Le 29 août, le site ‘’ToutEduc’’ a souligné que « le Snes n’est ‘’pas fermé à des discussions’’ sur les missions et le statut des enseignants à condition qu’il y ait relance de la démocratisation de l’enseignement. C’est ce que répondent ses trois responsables, interrogés par ToutEduc sur l’après 2012, Nicolas Sarkozy ayant annoncé une refonte du statut, et Martine Aubry une ‘’refondation du système éducatif’’ […]. Le Snes souhaite un enseignement secondaire pour tous, général, technologique ou professionnel, et une obligation scolaire portée à 18 ans, avec, à  terme, un objectif de 100% au niveau bac ».

Le 2 septembre, le SGEN-CFDT a plaidé dans sa conférence de presse pour « un contrat entre la Nation et son Ecole » et a souligné que « la nécessité de changer l’Ecole » s’impose comme une évidence dans toute la société. Le SGEN-CFDT s’est prononcé pour « un Grenelle de l’éducation ». Il faut mettre tous les acteurs autour de la table, a-t-il précisé, « y compris les acteurs économiques car les autres forces sociales ont des points de vue à faire valoir. Et il faut prendre le temps du débat ».

Le 30 août, le SE-Unsa  a indiqué avec force dans son communiqué de presse de rentrée que «les personnels se refusent à entrer dans un modèle en construction qui a pour objectif de changer la nature même de l’Ecole. Un modèle où la concurrence, la performance, le management seraient les maîtres mots d’un système éducatif concurrentiel dans lequel l’éducation deviendrait un bien de consommation […]. Dans le même temps les personnels perçoivent les limites d’un modèle républicain qui ne tient plus ses promesses et qui n’est plus en capacité d’offrir à chaque élève les voies de son épanouissement personnel et professionnel […]. Notre système éducatif est à la croisée des chemins, conclut le SE-Unsa. L’Education est un droit. Il doit être garanti par l’Etat et relève d’une mission de service public. Il faut tout à la fois cesser l’hémorragie des emplois et refonder l’Ecole de la République ».

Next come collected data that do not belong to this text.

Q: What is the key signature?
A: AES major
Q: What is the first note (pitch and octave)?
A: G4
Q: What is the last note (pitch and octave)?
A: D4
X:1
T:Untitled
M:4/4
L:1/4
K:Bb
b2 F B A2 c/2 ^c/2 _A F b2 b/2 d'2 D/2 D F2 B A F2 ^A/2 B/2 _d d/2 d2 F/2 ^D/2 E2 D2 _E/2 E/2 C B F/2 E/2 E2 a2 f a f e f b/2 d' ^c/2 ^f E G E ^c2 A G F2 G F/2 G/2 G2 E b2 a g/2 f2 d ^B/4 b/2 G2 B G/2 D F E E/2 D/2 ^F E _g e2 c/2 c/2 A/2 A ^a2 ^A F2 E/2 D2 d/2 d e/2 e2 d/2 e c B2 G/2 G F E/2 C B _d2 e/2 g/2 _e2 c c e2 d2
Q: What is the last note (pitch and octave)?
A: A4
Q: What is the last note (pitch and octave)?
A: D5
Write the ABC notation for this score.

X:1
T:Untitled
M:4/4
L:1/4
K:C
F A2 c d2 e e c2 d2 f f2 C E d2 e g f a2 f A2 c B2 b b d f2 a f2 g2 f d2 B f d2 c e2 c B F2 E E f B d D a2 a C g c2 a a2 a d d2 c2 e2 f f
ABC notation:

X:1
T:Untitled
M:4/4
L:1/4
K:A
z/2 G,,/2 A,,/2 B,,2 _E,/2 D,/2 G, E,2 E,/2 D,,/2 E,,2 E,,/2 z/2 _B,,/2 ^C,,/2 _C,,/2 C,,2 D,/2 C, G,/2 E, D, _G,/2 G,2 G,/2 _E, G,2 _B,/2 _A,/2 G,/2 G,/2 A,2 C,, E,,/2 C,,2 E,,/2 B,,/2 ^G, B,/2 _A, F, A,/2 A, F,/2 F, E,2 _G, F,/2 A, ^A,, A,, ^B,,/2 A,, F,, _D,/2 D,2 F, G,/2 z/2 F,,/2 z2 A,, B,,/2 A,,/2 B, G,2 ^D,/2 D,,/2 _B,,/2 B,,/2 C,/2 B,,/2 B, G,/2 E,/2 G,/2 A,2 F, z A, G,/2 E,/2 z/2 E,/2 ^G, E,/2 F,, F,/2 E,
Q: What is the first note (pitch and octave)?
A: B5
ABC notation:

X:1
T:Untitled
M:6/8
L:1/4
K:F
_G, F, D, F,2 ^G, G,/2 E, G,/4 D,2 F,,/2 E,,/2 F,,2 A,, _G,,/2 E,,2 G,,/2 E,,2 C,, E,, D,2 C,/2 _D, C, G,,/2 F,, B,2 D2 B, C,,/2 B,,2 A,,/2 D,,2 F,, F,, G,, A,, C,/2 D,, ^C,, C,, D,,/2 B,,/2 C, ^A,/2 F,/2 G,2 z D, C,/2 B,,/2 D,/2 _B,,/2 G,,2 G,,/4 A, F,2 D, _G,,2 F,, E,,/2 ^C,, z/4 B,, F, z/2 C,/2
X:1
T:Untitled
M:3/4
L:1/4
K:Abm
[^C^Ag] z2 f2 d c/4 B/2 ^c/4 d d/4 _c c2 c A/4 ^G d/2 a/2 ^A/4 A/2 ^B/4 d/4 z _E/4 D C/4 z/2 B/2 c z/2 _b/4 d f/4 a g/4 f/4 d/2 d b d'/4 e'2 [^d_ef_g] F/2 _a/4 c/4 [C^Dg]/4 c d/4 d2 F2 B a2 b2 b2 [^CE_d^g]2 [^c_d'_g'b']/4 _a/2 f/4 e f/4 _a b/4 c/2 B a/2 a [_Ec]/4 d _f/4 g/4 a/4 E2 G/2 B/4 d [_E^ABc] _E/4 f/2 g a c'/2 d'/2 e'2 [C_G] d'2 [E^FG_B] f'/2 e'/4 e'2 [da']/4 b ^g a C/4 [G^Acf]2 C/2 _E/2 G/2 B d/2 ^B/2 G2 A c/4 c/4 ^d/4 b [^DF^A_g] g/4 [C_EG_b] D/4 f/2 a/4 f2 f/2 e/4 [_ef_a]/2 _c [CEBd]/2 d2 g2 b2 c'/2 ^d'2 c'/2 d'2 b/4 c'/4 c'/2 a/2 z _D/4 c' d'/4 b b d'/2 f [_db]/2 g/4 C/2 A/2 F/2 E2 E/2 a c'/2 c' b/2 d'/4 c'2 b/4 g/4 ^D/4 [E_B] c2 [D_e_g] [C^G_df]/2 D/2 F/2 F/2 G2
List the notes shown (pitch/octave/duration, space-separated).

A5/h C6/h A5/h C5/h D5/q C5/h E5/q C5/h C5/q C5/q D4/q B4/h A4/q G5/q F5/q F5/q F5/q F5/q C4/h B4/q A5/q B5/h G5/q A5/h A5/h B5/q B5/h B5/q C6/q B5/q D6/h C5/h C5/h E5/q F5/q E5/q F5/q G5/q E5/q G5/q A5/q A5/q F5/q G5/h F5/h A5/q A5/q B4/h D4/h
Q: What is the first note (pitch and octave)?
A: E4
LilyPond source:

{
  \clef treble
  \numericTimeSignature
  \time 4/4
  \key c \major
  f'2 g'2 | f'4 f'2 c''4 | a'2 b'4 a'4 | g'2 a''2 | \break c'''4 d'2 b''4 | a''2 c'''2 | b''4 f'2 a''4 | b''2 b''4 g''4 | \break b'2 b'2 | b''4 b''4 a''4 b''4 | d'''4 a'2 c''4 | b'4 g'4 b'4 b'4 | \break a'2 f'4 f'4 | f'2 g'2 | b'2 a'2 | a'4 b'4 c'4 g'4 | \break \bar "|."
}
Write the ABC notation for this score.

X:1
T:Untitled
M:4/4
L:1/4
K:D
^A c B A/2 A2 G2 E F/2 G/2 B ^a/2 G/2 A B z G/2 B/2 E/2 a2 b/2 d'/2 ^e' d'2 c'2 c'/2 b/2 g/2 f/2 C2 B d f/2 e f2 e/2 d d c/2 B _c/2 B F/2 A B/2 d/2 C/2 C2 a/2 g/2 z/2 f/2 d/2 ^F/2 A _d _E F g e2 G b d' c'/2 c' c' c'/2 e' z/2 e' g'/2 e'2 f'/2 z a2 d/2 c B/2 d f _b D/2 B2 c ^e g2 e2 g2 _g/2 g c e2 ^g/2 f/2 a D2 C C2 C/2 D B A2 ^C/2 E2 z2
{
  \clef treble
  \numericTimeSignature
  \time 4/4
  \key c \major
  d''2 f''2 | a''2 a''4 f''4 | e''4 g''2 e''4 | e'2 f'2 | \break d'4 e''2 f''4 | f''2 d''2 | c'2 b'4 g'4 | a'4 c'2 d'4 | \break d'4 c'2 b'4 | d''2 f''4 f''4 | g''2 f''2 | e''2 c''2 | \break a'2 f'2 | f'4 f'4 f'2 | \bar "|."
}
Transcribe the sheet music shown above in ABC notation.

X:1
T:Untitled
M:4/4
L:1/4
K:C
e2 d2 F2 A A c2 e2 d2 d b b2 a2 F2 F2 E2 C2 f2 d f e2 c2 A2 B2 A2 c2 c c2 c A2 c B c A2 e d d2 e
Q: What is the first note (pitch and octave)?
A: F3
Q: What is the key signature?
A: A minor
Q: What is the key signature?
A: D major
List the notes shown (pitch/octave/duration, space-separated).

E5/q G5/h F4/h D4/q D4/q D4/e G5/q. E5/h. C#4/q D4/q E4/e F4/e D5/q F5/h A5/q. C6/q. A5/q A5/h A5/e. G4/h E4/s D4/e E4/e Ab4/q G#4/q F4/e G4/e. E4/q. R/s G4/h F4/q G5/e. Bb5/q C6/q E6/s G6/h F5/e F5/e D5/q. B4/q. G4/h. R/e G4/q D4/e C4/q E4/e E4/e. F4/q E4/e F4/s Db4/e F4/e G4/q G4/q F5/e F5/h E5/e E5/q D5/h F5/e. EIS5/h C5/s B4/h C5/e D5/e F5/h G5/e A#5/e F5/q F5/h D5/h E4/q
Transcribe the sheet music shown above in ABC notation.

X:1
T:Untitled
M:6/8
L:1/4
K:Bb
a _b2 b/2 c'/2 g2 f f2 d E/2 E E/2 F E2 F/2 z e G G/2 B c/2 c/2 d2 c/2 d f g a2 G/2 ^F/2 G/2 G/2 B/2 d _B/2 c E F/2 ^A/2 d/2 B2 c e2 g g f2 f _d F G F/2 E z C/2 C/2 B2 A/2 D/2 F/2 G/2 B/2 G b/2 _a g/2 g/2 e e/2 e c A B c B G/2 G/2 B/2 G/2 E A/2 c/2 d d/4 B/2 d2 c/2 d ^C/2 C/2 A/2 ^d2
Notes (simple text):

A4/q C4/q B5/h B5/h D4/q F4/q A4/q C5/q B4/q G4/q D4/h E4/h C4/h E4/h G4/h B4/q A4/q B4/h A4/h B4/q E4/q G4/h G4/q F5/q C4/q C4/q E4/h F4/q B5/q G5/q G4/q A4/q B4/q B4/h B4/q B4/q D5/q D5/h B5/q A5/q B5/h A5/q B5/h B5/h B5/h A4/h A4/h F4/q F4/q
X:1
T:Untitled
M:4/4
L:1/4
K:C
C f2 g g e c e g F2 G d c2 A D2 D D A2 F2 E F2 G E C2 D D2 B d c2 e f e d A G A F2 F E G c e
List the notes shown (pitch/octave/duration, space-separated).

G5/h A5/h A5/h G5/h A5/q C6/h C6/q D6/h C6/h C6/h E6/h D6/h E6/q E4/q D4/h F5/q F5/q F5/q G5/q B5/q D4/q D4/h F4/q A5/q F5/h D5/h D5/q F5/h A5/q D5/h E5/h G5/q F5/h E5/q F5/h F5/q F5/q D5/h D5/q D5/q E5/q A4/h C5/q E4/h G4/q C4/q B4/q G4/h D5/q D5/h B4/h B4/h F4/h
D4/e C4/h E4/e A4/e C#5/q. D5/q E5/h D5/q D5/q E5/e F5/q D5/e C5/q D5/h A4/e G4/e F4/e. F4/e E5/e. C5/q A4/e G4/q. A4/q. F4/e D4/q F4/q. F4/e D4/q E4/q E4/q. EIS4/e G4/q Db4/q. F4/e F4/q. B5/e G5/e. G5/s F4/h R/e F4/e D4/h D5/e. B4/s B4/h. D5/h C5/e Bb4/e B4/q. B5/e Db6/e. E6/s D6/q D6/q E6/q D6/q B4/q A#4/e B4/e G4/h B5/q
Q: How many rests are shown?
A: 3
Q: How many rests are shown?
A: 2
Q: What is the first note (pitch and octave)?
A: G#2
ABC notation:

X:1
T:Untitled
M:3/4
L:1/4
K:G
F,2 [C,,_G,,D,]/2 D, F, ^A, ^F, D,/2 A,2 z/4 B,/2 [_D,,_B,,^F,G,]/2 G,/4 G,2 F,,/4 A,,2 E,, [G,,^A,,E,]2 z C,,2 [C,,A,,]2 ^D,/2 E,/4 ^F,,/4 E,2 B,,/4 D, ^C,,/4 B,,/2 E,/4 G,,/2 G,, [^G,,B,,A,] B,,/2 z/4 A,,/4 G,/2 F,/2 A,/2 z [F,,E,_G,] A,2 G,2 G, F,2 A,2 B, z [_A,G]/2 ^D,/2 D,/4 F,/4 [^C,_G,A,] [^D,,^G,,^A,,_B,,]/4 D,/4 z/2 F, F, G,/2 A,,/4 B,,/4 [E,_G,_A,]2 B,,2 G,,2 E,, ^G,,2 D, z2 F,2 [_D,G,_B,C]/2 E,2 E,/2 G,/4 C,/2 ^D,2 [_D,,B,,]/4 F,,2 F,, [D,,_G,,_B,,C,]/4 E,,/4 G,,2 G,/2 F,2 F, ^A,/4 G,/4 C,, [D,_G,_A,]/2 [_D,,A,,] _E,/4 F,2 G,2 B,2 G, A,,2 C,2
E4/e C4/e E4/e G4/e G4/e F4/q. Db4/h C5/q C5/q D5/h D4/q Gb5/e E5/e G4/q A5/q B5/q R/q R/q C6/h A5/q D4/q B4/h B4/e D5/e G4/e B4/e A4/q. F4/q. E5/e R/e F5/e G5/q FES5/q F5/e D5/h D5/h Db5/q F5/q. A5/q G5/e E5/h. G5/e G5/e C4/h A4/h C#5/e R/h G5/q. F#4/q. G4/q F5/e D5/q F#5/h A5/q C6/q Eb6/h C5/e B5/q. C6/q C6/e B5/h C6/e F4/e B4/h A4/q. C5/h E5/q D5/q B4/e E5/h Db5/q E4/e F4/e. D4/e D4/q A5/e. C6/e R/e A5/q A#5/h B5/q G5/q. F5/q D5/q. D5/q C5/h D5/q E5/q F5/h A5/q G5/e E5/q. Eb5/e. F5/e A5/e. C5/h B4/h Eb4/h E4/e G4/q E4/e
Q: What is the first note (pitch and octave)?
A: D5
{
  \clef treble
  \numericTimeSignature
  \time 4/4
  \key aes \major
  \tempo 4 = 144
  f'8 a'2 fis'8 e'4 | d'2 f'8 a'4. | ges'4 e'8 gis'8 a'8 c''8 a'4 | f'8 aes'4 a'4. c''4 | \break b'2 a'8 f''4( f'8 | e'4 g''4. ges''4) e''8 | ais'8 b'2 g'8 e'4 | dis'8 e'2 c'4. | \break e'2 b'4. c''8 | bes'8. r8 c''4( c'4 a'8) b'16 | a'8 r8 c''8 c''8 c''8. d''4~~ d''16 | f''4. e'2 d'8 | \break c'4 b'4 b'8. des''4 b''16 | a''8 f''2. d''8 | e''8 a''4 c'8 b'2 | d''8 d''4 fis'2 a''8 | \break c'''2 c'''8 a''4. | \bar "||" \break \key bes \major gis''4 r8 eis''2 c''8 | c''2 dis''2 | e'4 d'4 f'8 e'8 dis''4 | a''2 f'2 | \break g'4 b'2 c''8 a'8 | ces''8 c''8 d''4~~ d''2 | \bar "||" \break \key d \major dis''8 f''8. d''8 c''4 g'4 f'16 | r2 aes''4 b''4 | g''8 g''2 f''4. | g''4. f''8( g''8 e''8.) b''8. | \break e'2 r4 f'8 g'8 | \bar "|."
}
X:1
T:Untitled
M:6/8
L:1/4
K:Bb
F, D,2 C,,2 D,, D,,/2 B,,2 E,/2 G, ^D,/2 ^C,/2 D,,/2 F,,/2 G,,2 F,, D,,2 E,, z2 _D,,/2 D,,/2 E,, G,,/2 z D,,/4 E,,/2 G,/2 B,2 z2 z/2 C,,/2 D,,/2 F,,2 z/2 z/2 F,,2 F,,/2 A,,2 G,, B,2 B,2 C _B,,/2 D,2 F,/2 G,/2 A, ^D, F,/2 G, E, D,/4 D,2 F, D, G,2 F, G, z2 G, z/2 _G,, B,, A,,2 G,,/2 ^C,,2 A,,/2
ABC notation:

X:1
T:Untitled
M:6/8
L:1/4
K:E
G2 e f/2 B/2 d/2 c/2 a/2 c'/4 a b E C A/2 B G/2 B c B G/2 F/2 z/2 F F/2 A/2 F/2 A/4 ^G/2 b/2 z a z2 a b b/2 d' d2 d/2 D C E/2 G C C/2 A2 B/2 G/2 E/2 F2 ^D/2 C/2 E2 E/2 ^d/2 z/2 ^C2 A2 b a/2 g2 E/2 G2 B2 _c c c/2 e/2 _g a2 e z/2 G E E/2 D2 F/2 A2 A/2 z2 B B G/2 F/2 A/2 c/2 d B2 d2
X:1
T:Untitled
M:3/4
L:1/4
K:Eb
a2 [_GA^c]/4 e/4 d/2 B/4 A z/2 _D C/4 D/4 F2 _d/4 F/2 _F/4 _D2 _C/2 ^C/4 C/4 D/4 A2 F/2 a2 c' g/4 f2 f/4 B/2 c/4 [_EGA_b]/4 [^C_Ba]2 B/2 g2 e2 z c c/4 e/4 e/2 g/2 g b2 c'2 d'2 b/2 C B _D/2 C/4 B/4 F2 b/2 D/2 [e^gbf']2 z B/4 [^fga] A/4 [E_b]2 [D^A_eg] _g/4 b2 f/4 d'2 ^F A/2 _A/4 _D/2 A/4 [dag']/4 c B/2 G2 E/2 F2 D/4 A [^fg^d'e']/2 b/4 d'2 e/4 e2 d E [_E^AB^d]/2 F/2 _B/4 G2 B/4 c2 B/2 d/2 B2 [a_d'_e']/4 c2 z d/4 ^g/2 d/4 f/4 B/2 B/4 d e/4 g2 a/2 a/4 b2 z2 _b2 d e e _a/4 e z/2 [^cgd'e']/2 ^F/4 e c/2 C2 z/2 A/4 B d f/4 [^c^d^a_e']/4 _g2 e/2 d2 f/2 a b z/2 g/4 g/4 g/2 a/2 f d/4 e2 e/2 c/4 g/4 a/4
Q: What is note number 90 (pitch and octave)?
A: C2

Le candidat du parti socialiste à l’élection présidentielle du printemps 2012 – François Hollande – a déjà proposé en mai de cette année la mise en place d’« un nouveau pacte éducatif pour démocratiser la réussite » : « l’école a réussi le pari de la massification, mais pas celui de la démocratisation de la réussite  [ …]. La démocratisation de la réussite passe d’abord par de nouveaux moyens affectés à l’éducation de nos enfants, et donc par l’arrêt des suppressions d’emplois à l’Education national ; mais aussi par la généralisation de la prise en charge de la petite enfance, par la priorité donnée à l’enseignement primaire… ».

Il convient à l’évidence de  commencer la réflexion et la concertation le plus tôt possible. L’enjeu est bien là, perçu comme l’un des plus importants par les Français en ce moment des présidentielles : refonder notre système éducatif aujourd’hui en crise. Et l’axe principal de sa résolution est bien à l’ordre du jour : la nécessité et la possibilité d’un nouveau pacte éducatif  entre la Nation et les professionnels de l’éducation.